An investigation by The Baltimore Sun reports disturbing news about the Baltimore City Police Department and its handling of rape cases at every point in the investigation. As a proud Baltimore native and a staunch advocate for women’s rights, this upsets me greatly.

Here’s the breakdown:

  • 4 in 10 emergency calls alleging rape end in on-scene officers dismissing the case, concluding no further investigation is needed. These cases never make it to detectives or prosecutors.
  • More than 30 percent of the cases investigated by detectives each year are deemed unfounded, five times the national average.
  • The number of rapes reported in Baltimore has dropped by 80% over the last 15 years. The FBI reports the national rape rate over the same period of time has dropped by only 8%.

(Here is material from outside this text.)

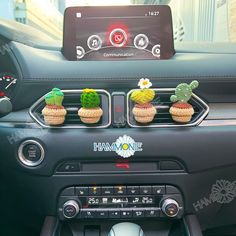 the dashboard of a car with three small cactus decorations on it's dash board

“Of the 194 reports of rape or attempted rape last year,” 62 (32%) were determined to be unfounded. In the vast majority of these cases, police say the victim recanted her story after initially seeking police involvement. If 40% of rape allegations are called “unfounded” in the field, and then 32% 0f those cases that do make it to investigators are delegitimized, the number of women who are suffering in silence from the emotional and physical toll of sexual assault is inexcusably high.

The Baltimore Sun, June 27 2010

A common response to rape allegations – whether in large cities or on college campuses – is that the women are lying, either to punish the alleged rapist, or to detract attention from infidelity, etc. But the facts surrounding rape allegations tell a different story. “Studies suggest the percentage of rape claims that are false is between 2 percent and 8 percent.” In an editorial in Sunday’s paper, The Sun puts it this way:

It is often too difficult for rape victims to come forward, to report their crimes and to see to it that their attackers are brought to justice. The problem is not that women routinely make up rape allegations — who would willingly submit themselves to such unjust public humiliation?

Rape victims often feel ashamed to report their allegations to others in large part because they may have been partaking in activities that are either illegal or embarrassing at the time of the assault. Most experts on sexual assault agree that when victims recant their previous allegations, it is to avoid further emotional turmoil, especially in cases in which police investigators are questioning them in a way which makes the victims feel their stories are not being taken seriously. Victims report being interrogated by detectives while in the ER just after receiving rape kits – some women are even threatened with lie detector tests or cell phone record and video footage investigations. After undergoing such intense questioning, is it any wonder that some women would choose to recant their stories and attempt recovery on their own, rather than having to undergo scrutiny?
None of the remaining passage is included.